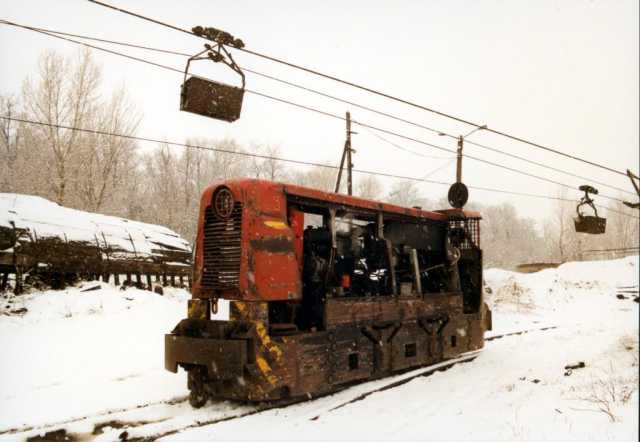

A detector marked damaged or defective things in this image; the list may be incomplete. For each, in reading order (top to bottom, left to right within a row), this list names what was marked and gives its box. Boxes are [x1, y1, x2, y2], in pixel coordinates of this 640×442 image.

rusted locomotive [165, 178, 490, 406]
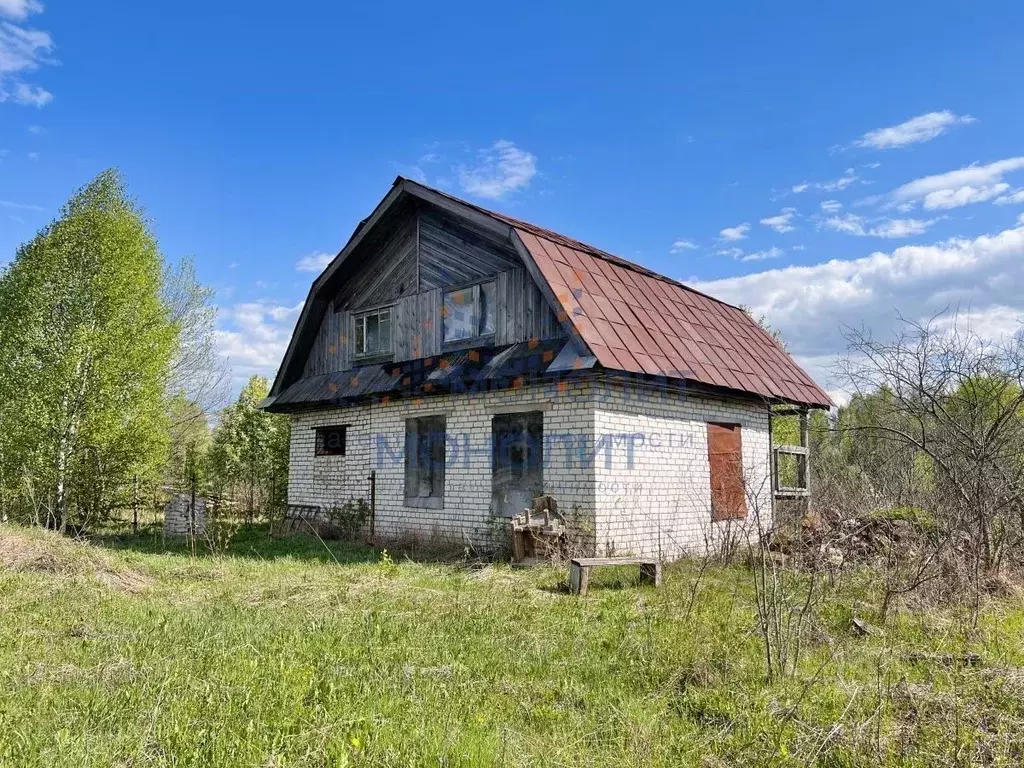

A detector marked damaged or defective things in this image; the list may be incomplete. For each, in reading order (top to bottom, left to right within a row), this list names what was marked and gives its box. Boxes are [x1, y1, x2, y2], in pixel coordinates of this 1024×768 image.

rusty metal roof [415, 182, 831, 409]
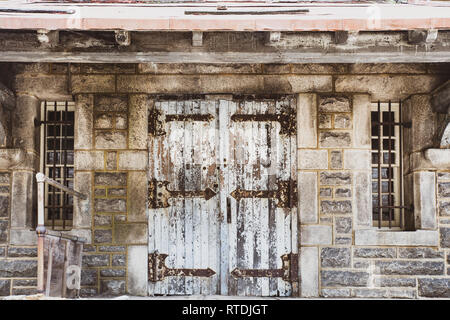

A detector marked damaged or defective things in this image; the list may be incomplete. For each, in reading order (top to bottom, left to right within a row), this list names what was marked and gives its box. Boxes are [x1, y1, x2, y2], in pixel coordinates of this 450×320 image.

rusty door hinge [148, 108, 214, 136]
rusty door hinge [230, 110, 298, 135]
rusty door hinge [149, 179, 217, 209]
rusty door hinge [230, 179, 298, 209]
rusty door hinge [149, 251, 217, 282]
rusty door hinge [232, 254, 298, 282]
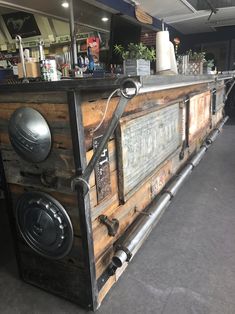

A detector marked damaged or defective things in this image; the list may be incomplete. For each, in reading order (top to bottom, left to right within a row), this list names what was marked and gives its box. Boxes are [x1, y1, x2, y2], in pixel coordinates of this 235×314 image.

rusty metal surface [189, 90, 211, 142]
rusty metal surface [93, 135, 111, 204]
rusty metal surface [116, 103, 181, 201]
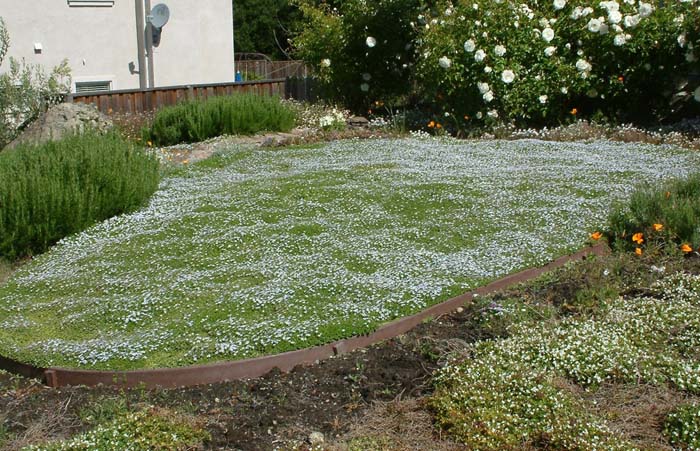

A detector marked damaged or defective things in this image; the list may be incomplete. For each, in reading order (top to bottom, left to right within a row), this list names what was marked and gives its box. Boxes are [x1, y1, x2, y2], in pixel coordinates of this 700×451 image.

::::::::

### [Exercise description]
Where the line with "this 235×314 image." appears, begin there and transcribe exactly through the last line of the data, leaving all pictures aside.

### [Output]
A detector marked damaged or defective things in this image; the list may be incomplete. For each, in reading order (top to bottom, left to right within a row), this list names what was marked and gives its box. Boxes are [x1, y1, x2, y2], in pixel coordinates of this 235×314 image.

rusty metal surface [189, 90, 211, 142]
rusty metal surface [93, 135, 111, 204]
rusty metal surface [116, 103, 181, 201]

A detector marked damaged or defective things in this image; the list may be incomplete. For each, in reading order (top to bottom, left to right within a row), this list names what was marked and gives its box. Boxes are [x1, y1, x2, y2], in pixel coordinates of this 700×451 image.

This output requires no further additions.